In general, the astute system manufacturer should understand that, while an operating region may exist between the specified maximum operating condition and the AMR values (region B), this region is there to provide a buffer for stress events to avoid system disruption and allow resumption of normal operation after the stress. This region has many restrictions for operation and any attempt to operate in this region must be discussed with and agreed upon with the supplier. Additionally, not every device will fail immediately upon experiencing an event above AMR (Region C in Figure 5).
However, this is still an EOS event and is considered high risk for latent damage and likely future permanent damage. Even in Region D, the probability of immediate damage (blue curve) is not a vertical line, but any unit experiencing an event exceeding AMR will experience latent EOS damage. Finally, a well written AMR will often be specific to the environment in which the device is expected to operate by its manufacturer. It is not only the manufacturer’s definition of the maximum electrical and thermal limits, it also defines the limits of their responsibility when the component is damaged as a result of exceeding those limits.

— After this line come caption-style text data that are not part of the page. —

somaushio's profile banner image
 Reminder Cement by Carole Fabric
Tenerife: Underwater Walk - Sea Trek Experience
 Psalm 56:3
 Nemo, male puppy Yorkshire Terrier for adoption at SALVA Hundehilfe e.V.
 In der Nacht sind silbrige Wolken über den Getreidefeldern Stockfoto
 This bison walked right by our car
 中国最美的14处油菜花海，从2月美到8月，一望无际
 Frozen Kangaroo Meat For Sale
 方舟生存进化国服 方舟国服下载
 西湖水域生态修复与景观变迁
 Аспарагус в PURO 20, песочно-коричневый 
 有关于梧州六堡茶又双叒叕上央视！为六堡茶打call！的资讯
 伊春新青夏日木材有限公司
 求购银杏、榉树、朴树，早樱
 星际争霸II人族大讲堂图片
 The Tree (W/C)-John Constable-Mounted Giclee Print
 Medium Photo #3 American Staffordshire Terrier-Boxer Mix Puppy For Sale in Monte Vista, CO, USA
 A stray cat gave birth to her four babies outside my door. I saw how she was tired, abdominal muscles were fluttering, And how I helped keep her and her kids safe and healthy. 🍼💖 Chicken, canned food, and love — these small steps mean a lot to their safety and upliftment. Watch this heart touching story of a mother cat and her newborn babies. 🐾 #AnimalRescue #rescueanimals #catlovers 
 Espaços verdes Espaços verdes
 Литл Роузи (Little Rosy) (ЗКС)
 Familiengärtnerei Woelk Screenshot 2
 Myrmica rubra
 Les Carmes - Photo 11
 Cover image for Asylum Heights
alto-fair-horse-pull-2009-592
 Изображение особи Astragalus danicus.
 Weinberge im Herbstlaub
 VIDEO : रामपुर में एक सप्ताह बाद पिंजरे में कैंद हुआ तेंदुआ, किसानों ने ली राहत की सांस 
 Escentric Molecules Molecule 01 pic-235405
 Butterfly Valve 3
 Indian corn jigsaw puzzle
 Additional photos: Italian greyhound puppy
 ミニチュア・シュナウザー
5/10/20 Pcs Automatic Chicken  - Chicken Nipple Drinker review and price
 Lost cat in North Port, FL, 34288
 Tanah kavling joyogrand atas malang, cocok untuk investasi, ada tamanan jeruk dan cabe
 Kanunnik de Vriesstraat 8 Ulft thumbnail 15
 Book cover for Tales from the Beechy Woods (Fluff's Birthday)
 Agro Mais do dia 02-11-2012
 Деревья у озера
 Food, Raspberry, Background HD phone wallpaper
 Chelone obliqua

Alternate for the Term “EOS” in Failure Analysis
The definition for EOS presented here was chosen as the most practical and clear approach for communication between suppliers and users of electronic devices. It is important to note that, in the broader electronics industry, the term EOS will continue be used in other ways, and this must be taken into account especially in communications with failure analysis engineers:
Failure analysis engineers are likely to assign (some would say prematurely) the term EOS to any visible damage that appears to have been the result of excessive voltage or current. These assignments are often based on experience and may often be correct. However, the failure analysis engineer often makes this assignment without knowledge of the maximum limits of operation, nor any information on the real world electrical event, and therefore does not know whether the device experienced EOS, per the chosen definition, or if it was a defective device that failed under a stress within the operating limits.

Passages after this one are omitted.